I posted a longish reply, including
the quote from Kohr. Tom's comments are moderated and it hasn't appeared yet. He has a thing about the length of comments, while I operate on what might be called Ebert's Principle -- No good comment is too long, no bad comment is short enough. But, hey, it's his sandbox. Then again, this is mine.
One of the things I said in my comment to Tom was, "The only thing we have to fear is fear itself." I strongly believe that. I agree the Salahis shouldn't be news, but that's because both a) the president should be accessible enough to the citizenry that this story wouldn't be unusual, and b) if such events happen less frequently than once a year I'd be surprised. It's precisely because we "shield" such information from the public that every encounter with the topic is unfamiliar ground. As it happens, Bruce Schneier
has a recent post on how unfamiliarity feeds into fear.
Because of the back and forth nature of comments, I try to think ahead in the discussion, and anticipate what's going to be said next. What I thought Tom would come back with would be the issue of presidential safety. To lay out my position there, I also said in my comment to him that just like the only guaranteed way to stop airplanes from crashing into buildings is to ground them, like we did after 9/11, the only guaranteed way to keep the president safe from
all threats is to make his bubble even smaller than it already is. And even that might not make the president any safer.

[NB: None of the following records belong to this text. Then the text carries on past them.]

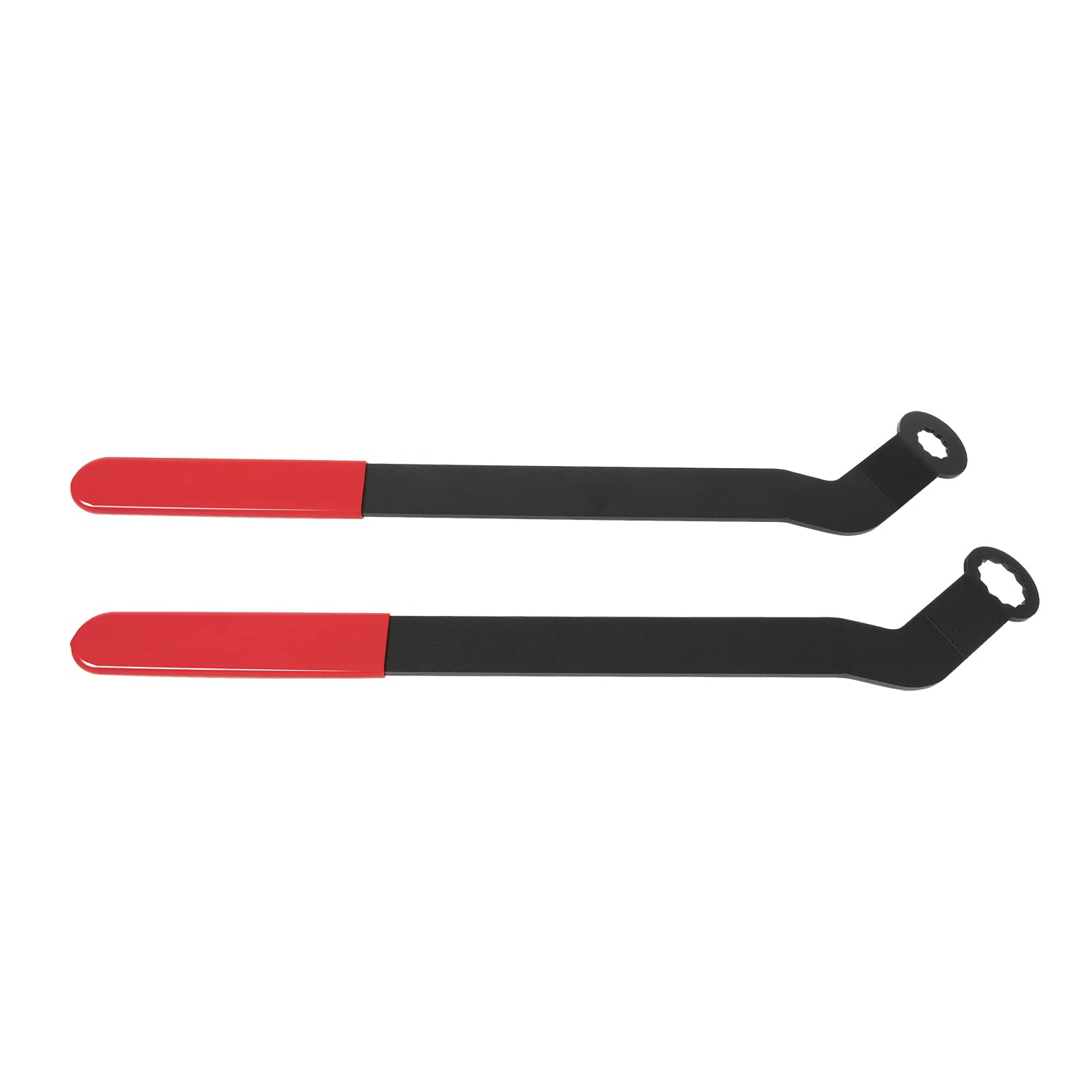 1016 Serpentine Belt Tool Set Cinturones Llaves de repuesto para todos los modelos mini 2007 más nuevos equipados con los motores N12, N14, N16 y N18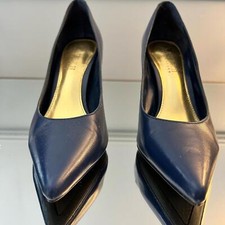 Elegant navy blue for sale  Dublin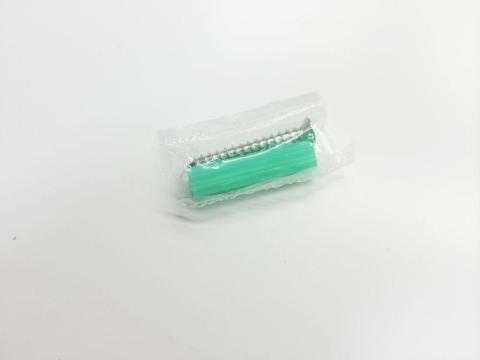 img.php?filename=mi_107146_1404910559_53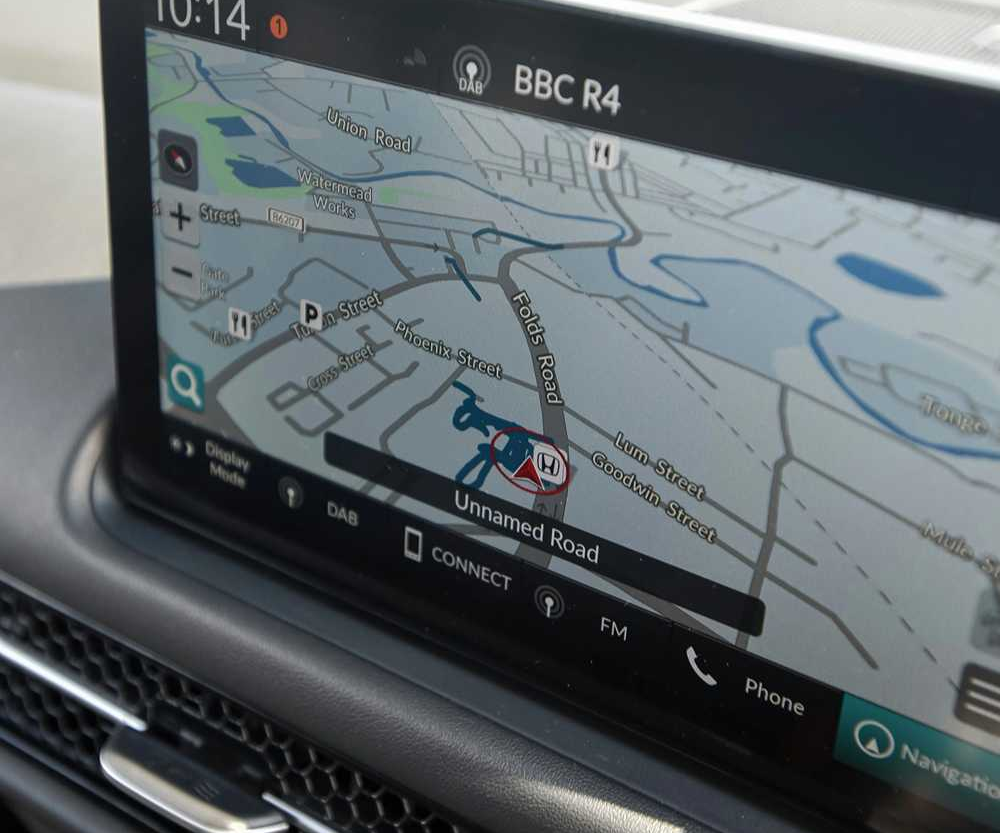 “承诺”的OTA收到了吗话题封面图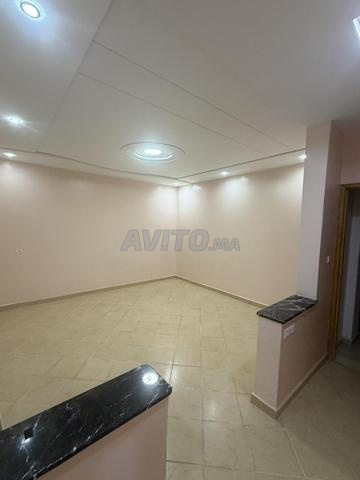 Apartment 85 m² for rent in Oujda — Photo 4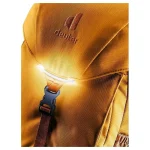 Deuter Waldfuchs 14lt Πορτοκαλί 361032599080 - Image 8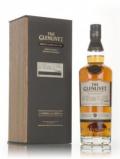 A bottle of The Glenlivet 16 Year Old Cairn na Bruar - Single Cask Edition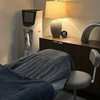 Image 3: Tox Injections for Smooth, Refined Skin & Natural Facial Expression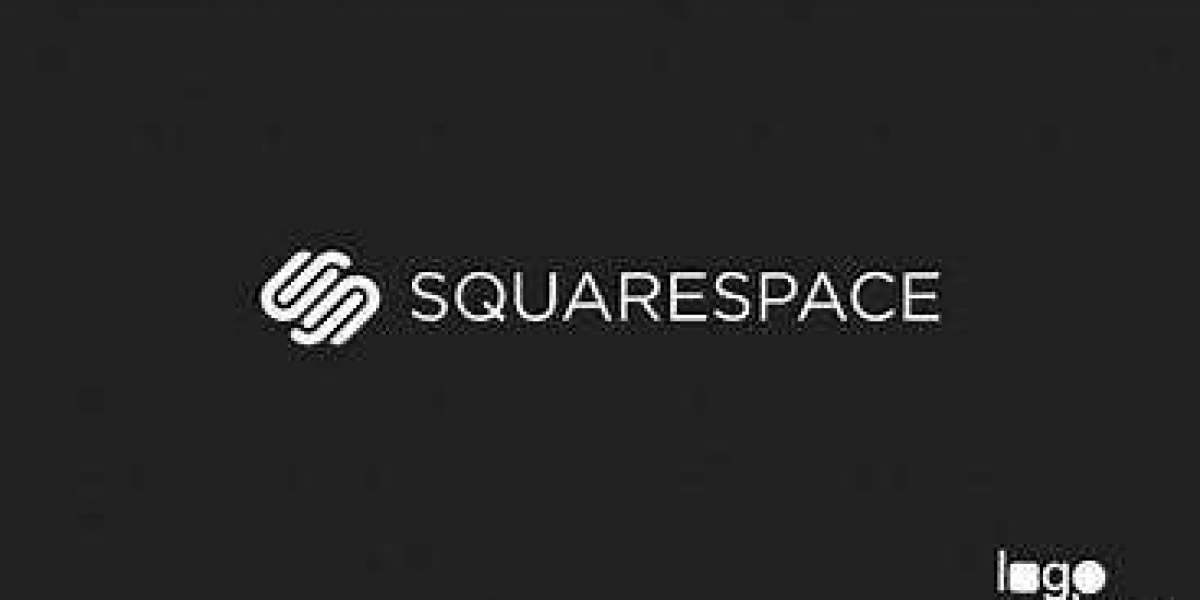 Squarespace for Meditation Instructors: Build a Peaceful Online Presence (Save Big)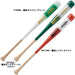 ゼットZETT野球ジュニアトレーニングノックバット実打撃可能限定品25SS小学生ジュニアBTT74580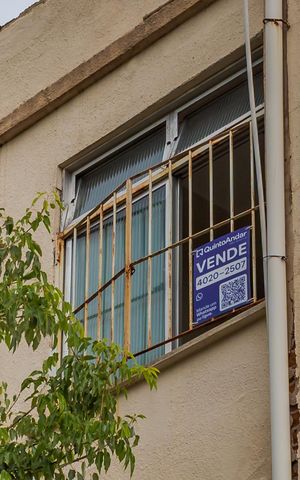 Studio à venda com 35m², 1 quarto e sem vaga Studio à venda com 35m², 1 quarto e sem vagaPlaquinha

I'm now going to use a metaphor, because Big Google is listening, after all. It's imperfect, as are all metaphors. I ask you to please keep your mind's eye on the larger point I'm making, and not on the flaws of the metaphor itself.
I think many people are familiar with Hollywood's Walk of Fame. One of the features there are inlaid tile mosaic stars to honor various luminaries of entertainment.

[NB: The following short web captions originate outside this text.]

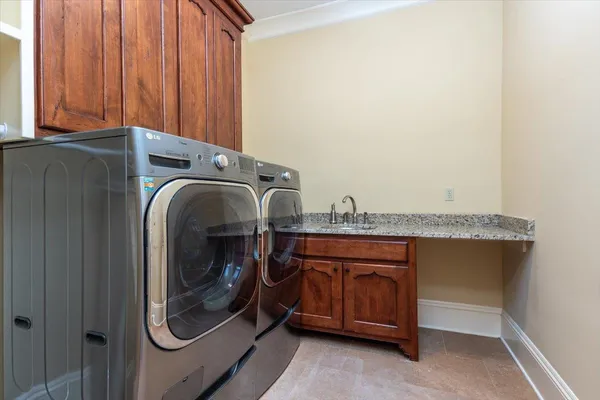 $1,299,000 | 1840 Overton Park Avenue, Memphis, TN 38112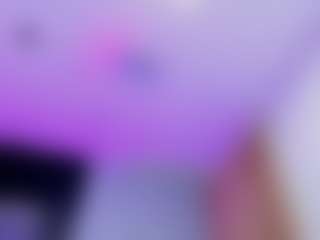 Live cam show with sofiaaroberts1 - Wet on CamClone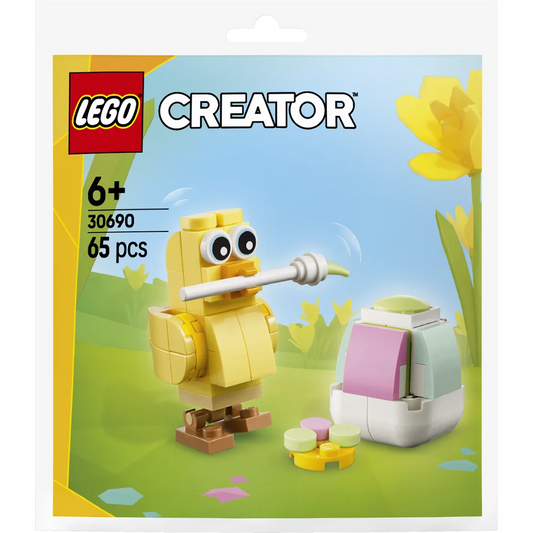 LEGO 30690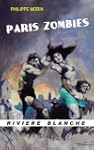Paris Zombies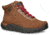 Vasque Sunsetter Hiking Shoes - Mens, Lion, 9.5, 07996M 095
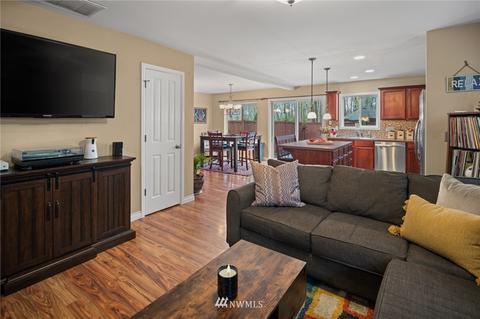 5835 Acclamation St E, Fife, WA 98424 photo 7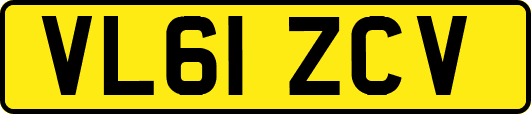 VL61ZCV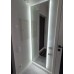 Зеркало с LED подсветкой SHAPE 150*60 160*80 Зеркало с LED подсветкой SHAPE 150*60 160*80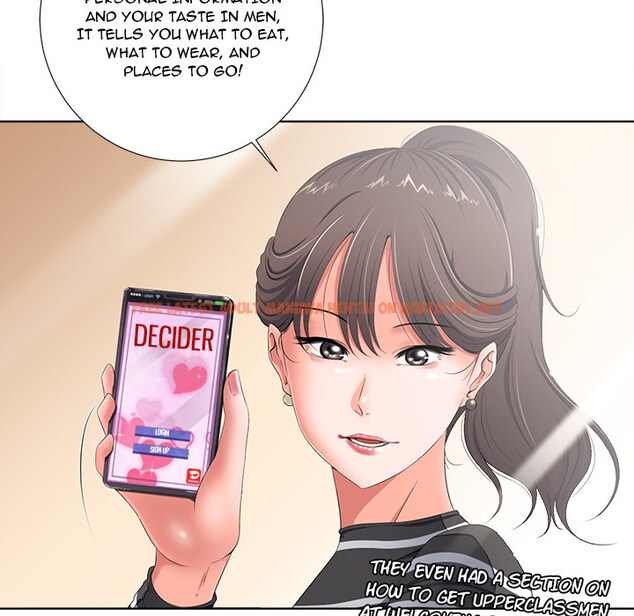 Read Hentai Image 13 028 in comic Thirty-two Vs Twenty - Chapter 1 - hentaitnt.net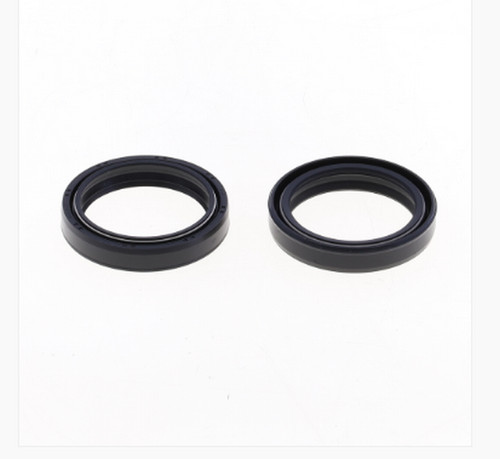 Suzuki 500 kit - 500,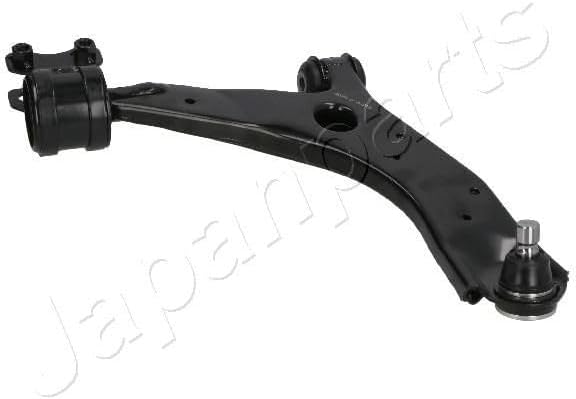 Japanparts BS-316R Lenker, Radaufhängung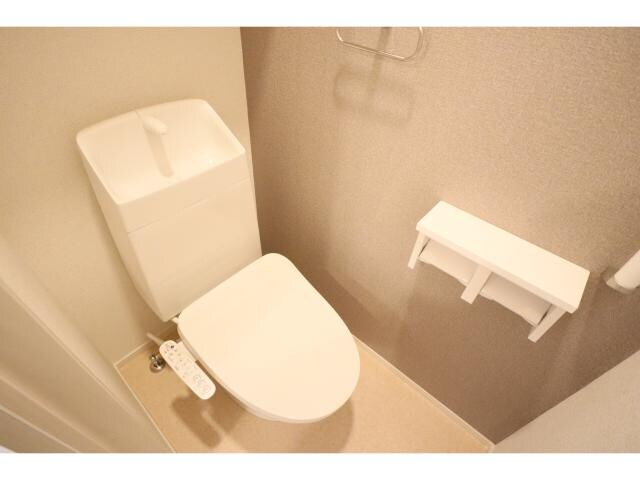  近鉄橿原線/畝傍御陵前駅 徒歩2分 1階 1年未満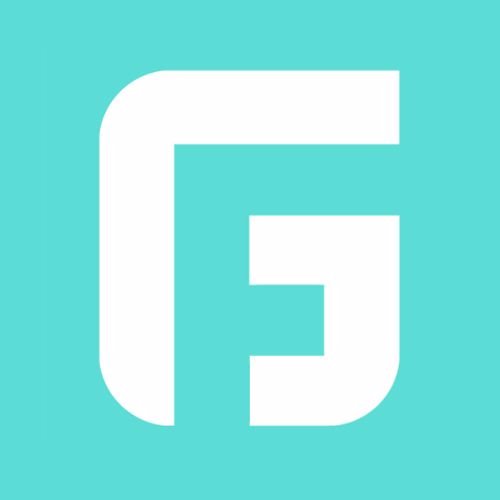 Fit out Consultancy - Project Management, Career, Market Intelligence - Retail, F&B, Hospitality Fitouts | Updates trends, tenders, jobs #Dubai #UAE #MENA
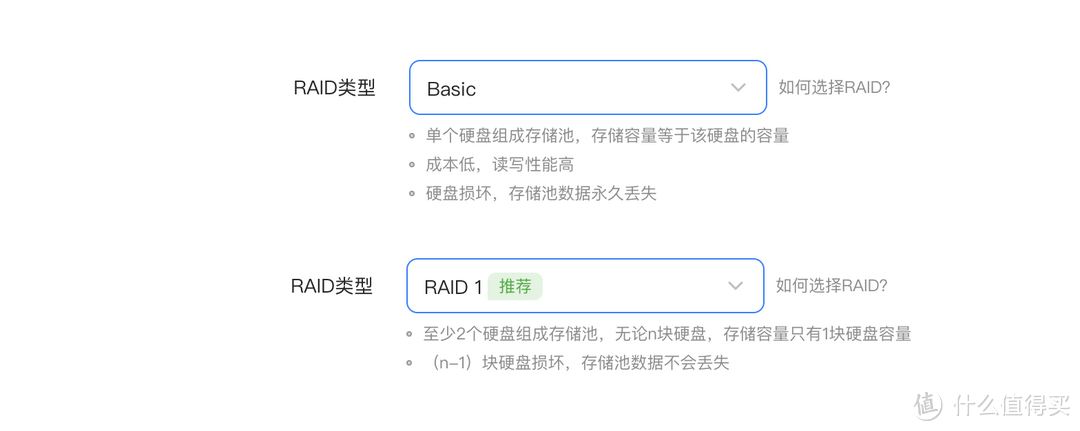 一台搞定全家人的照片备份!影音、办公、安全功能全面进化 聊一聊全新的绿联DXP4800私有云NAS 一台搞定全家人的照片备份!影音、办公、安全功能全面进化 聊一聊全新的绿联DXP4800私有云NAS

Imagine there was one particular star known to be attractive to very destructive vandals. As one might expect, that star would have exceptionally high protection. The curious thing about the vandals targeting that star is how focussed they are in harming
only that one star, and nothing else around it. So security for the star is set up to "flood the zone" and keep access to the star very tightly controlled.
However, if one vandal decided, "If I don't care about leaving the other stars intact, and accept that there will be a tremendous amount of damage to the sidewalk, the street, the security detail, random pedestrians and drivers going by, etc... Well, if I set off a big enough boom then that one star is certain to get hurt."

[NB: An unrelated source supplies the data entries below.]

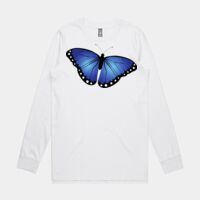 Base Longsleeve  Thumbnail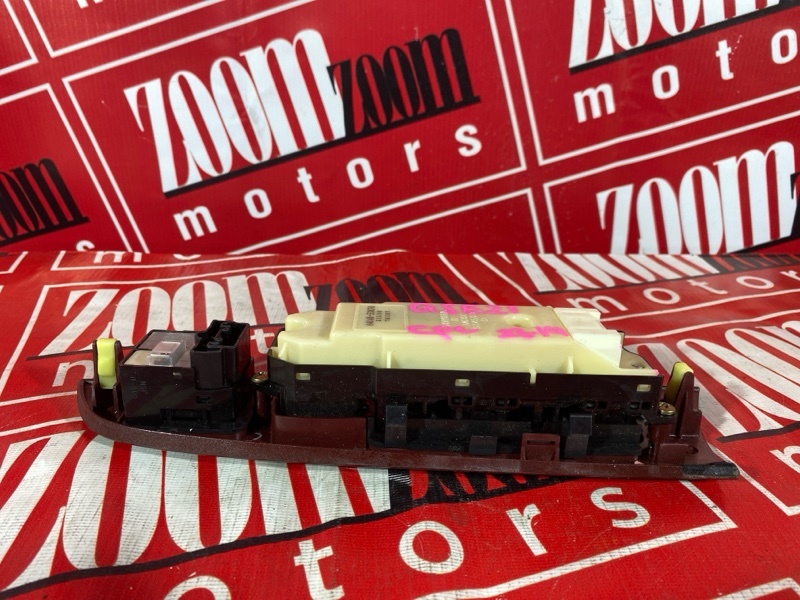 Блок управления стеклоподъемниками, 800 рублей, Красноярск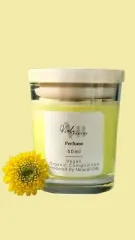 Spa Mum-Parfüm-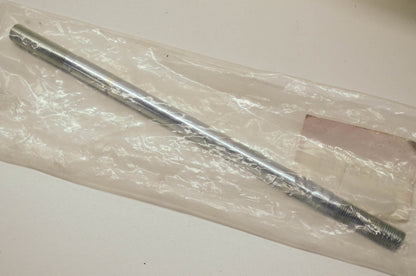 OEM Honda 53521-HC0-003 Tie Rod NOS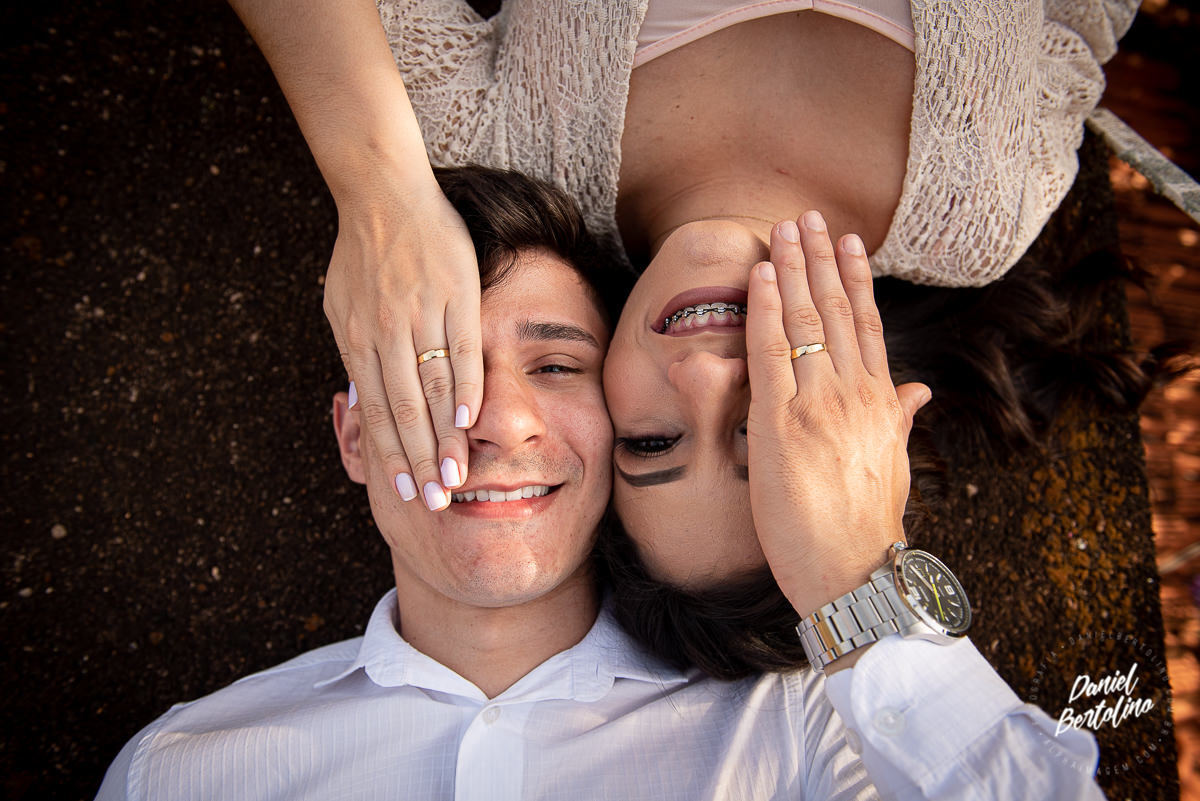 ensaio-casal-castelo-furlani-pederneiras-yasmin-e-renan-pré-wedding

I suggest the Secret Service, for the most part, works off of what Schneier calls,
"a movie-plot threat," which is, "an overly specific attack scenario." In the case of the United States' President, that specific scenario is the lone gunman, one of the type who has killed at least four presidents (Lincoln, Garfield, McKinley, and Kennedy).
I suggest that's not the only threat out there. Call it the Timothy McVeigh scenario. I have no idea if anyone in the Murrah Federal Building had a bodyguard that day; all I know is, it didn't do them much good, if so.
Schneier defines "security theater" as, "(S)ecurity measures that make people feel more secure without doing anything to actually improve their security."
Does cutting the president off from contact with the American people
improve his security? Or does it merely make him (and the broader citizenry)
feel more secure?
How one answers those questions probably predicts how much of a threat one considers the Salahis to have been.